Items from a dataset

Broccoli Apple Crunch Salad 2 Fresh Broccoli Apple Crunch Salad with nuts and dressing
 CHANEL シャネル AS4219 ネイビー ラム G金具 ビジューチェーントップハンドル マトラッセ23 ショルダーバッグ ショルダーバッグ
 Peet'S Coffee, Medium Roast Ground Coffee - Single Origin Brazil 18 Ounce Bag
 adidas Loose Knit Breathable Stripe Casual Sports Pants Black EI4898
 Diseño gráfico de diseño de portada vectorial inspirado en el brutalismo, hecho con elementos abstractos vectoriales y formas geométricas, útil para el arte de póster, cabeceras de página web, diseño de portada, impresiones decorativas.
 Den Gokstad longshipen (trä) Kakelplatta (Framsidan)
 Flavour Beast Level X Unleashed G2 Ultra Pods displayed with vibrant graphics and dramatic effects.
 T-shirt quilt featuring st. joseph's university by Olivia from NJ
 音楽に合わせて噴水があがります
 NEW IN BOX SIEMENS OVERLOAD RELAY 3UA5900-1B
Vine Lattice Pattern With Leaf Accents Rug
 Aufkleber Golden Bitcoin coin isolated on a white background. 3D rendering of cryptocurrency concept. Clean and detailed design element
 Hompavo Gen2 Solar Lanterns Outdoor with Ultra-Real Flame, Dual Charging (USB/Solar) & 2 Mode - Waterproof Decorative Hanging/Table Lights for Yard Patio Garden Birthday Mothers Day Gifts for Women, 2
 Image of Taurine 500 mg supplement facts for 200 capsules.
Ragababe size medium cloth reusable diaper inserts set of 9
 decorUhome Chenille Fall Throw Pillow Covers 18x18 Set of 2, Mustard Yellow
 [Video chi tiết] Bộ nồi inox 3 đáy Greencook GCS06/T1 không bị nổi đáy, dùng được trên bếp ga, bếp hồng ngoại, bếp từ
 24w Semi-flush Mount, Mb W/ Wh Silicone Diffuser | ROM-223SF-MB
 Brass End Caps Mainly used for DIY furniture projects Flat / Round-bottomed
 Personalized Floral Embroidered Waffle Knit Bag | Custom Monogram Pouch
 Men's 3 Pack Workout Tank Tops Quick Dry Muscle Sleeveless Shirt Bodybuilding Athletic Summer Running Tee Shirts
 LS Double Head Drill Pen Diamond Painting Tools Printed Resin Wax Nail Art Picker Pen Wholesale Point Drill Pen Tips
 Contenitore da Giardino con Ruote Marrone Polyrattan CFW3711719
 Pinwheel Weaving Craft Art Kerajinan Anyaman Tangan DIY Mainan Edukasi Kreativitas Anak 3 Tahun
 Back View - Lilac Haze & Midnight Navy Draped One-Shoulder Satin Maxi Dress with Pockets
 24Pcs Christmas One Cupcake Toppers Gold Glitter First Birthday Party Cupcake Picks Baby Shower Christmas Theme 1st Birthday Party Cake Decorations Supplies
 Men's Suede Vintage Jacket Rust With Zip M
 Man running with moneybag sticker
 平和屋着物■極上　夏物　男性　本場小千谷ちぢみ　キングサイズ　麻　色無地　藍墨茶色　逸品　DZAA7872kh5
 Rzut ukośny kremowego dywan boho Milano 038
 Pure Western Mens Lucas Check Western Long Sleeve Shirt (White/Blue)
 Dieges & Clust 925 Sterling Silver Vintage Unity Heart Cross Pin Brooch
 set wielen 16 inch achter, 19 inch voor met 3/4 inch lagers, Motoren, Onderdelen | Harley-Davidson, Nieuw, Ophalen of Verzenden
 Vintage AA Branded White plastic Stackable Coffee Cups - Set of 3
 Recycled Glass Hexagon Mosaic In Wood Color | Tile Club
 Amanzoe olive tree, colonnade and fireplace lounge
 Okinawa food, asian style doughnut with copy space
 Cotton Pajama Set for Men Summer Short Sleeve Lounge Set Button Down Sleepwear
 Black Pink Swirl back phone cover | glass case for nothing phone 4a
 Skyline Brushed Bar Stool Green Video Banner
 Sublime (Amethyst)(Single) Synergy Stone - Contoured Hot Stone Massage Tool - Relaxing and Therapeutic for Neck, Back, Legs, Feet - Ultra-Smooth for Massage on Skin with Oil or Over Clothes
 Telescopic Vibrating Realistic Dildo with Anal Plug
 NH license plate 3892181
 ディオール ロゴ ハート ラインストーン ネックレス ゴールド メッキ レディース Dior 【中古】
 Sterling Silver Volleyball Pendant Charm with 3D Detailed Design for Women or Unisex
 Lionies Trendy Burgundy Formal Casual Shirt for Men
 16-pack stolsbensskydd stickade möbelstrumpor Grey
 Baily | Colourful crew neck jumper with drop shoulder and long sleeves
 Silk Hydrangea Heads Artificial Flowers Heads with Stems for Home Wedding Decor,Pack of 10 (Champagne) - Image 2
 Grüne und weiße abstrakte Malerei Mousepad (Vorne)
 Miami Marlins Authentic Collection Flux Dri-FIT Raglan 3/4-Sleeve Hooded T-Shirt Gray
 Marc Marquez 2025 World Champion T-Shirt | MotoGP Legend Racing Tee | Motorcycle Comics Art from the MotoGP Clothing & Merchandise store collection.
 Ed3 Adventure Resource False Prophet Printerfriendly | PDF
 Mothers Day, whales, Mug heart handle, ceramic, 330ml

PROBLEM TO SOLVE >> Filter the entries and copy out every line with the word "Image".

WRITTEN RESPONSE >>
 Image of Taurine 500 mg supplement facts for 200 capsules.
 Silk Hydrangea Heads Artificial Flowers Heads with Stems for Home Wedding Decor,Pack of 10 (Champagne) - Image 2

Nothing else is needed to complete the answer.